GIVEN ENTRIES START

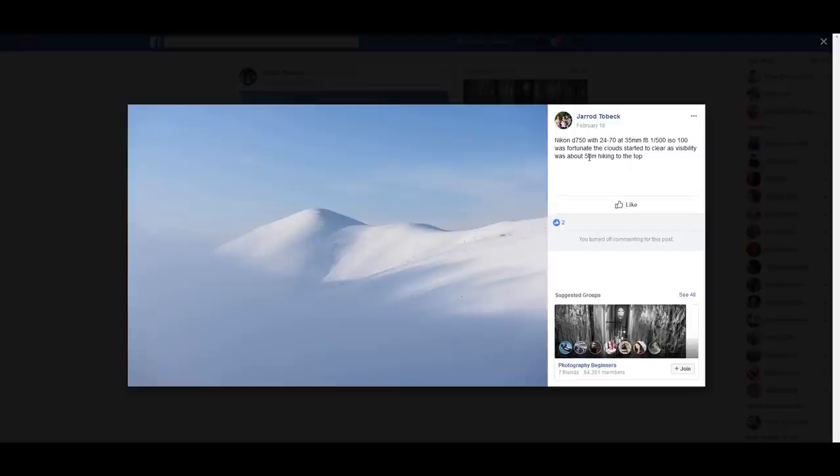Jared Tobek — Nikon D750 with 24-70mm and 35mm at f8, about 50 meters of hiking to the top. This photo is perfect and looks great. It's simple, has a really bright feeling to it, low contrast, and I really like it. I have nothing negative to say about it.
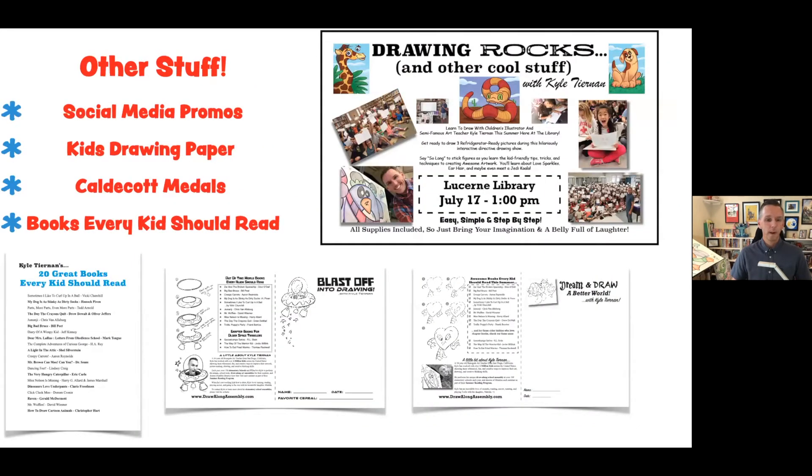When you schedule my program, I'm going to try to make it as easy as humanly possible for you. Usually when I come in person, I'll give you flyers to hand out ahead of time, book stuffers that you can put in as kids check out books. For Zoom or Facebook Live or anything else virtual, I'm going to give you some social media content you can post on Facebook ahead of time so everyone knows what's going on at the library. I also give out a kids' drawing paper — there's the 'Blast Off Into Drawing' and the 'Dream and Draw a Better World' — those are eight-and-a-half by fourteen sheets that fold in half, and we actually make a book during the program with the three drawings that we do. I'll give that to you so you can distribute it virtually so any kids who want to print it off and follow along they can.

GIVEN ENTRIES END
GIVEN ENTRIES START

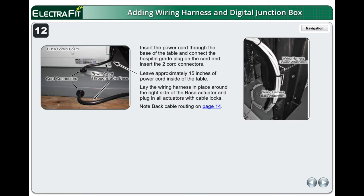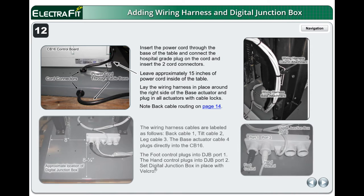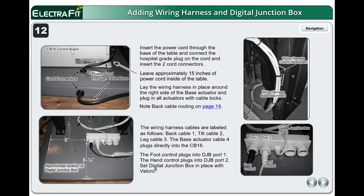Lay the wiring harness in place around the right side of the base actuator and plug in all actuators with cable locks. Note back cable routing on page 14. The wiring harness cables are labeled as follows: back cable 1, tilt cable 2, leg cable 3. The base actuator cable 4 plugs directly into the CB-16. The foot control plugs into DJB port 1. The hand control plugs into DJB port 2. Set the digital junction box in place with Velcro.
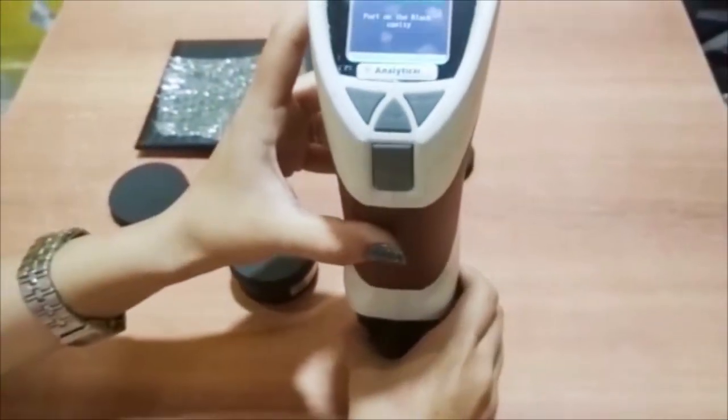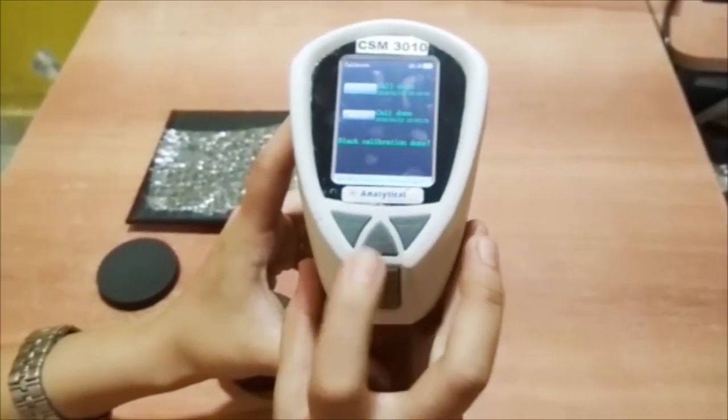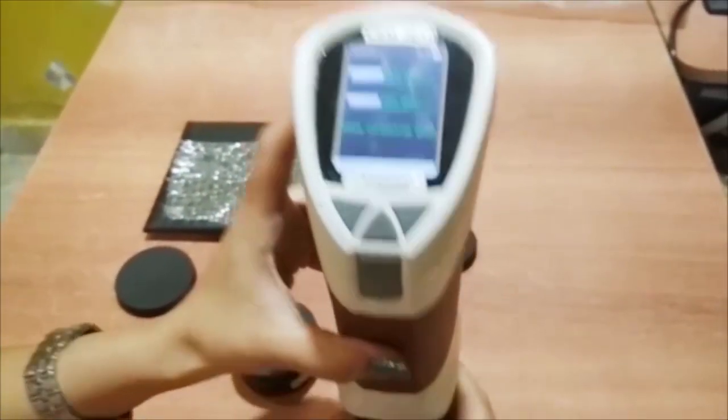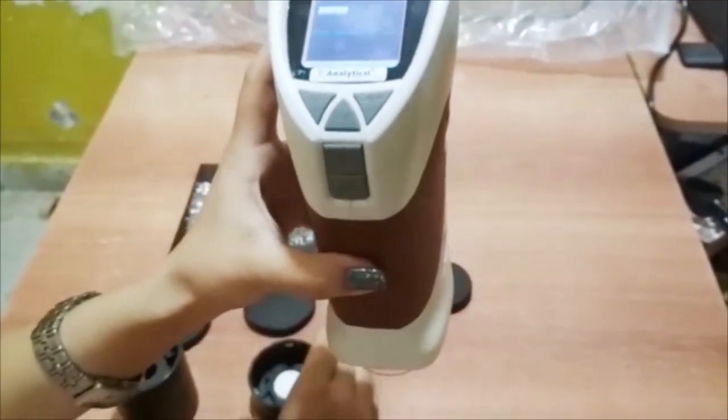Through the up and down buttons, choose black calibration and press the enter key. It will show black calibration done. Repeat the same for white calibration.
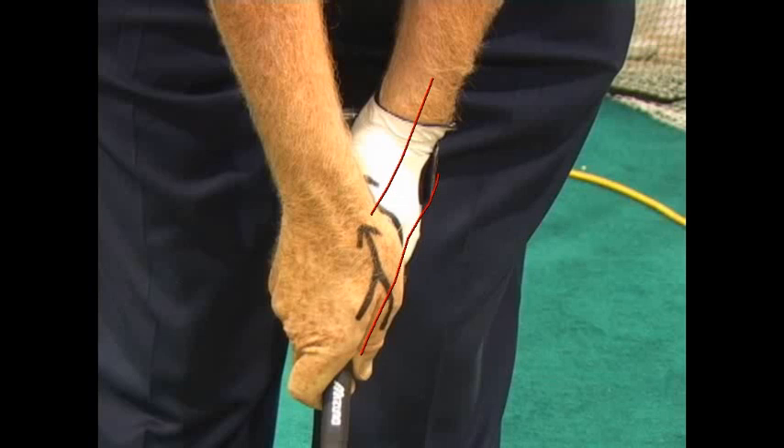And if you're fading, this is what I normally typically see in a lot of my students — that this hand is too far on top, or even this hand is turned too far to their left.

GIVEN ENTRIES END
GIVEN ENTRIES START

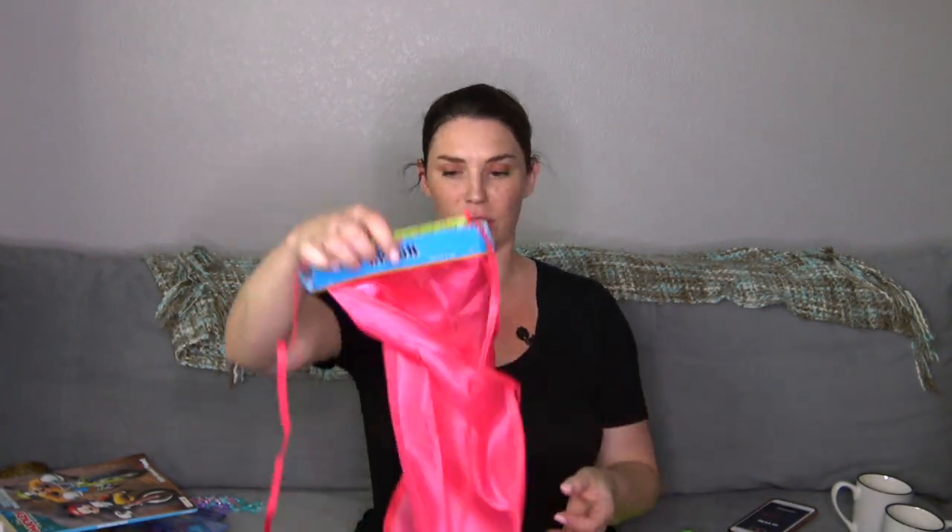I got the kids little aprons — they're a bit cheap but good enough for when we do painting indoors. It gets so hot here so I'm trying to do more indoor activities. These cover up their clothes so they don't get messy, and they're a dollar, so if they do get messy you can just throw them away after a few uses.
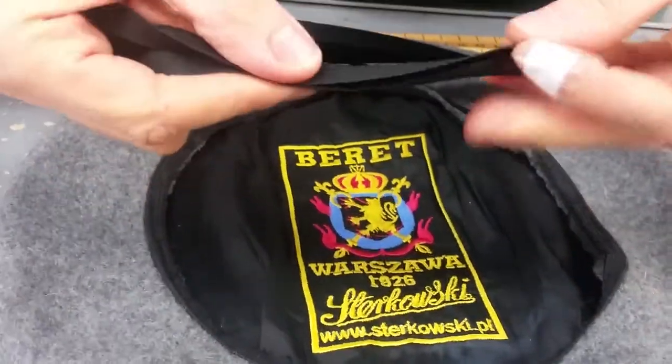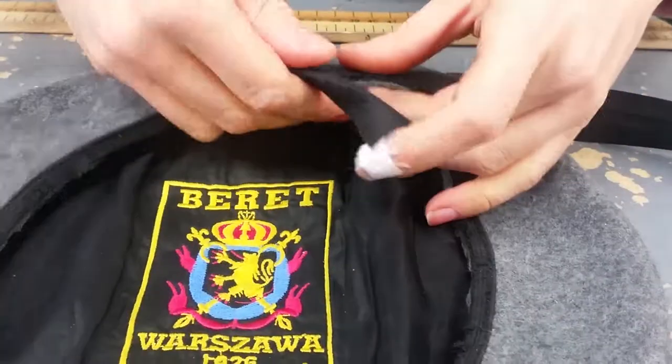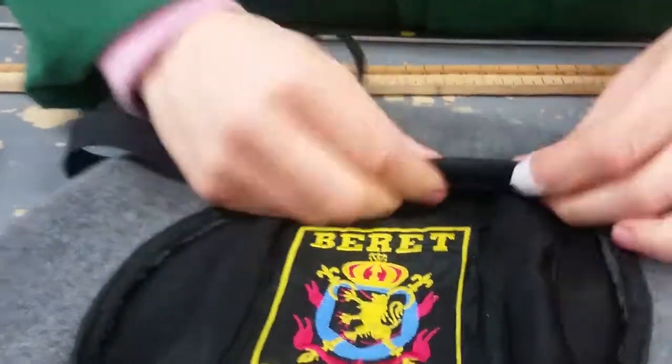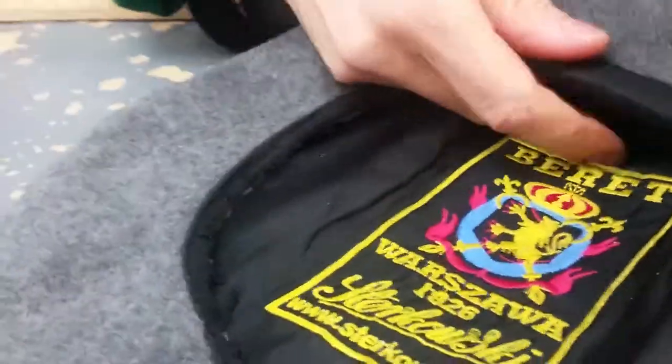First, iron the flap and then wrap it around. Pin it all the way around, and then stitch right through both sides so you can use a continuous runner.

GIVEN ENTRIES END

▶ INSTRUCTIONS FOR THE TASK
Take only the lines above from the one that has "Lay the wiring" through the one that has "Through the up" and reproduce them exactly, omitting any pictures.

▶ EXPECTED ANSWER
Lay the wiring harness in place around the right side of the base actuator and plug in all actuators with cable locks. Note back cable routing on page 14. The wiring harness cables are labeled as follows: back cable 1, tilt cable 2, leg cable 3. The base actuator cable 4 plugs directly into the CB-16. The foot control plugs into DJB port 1. The hand control plugs into DJB port 2. Set the digital junction box in place with Velcro.
Through the up and down buttons, choose black calibration and press the enter key. It will show black calibration done. Repeat the same for white calibration.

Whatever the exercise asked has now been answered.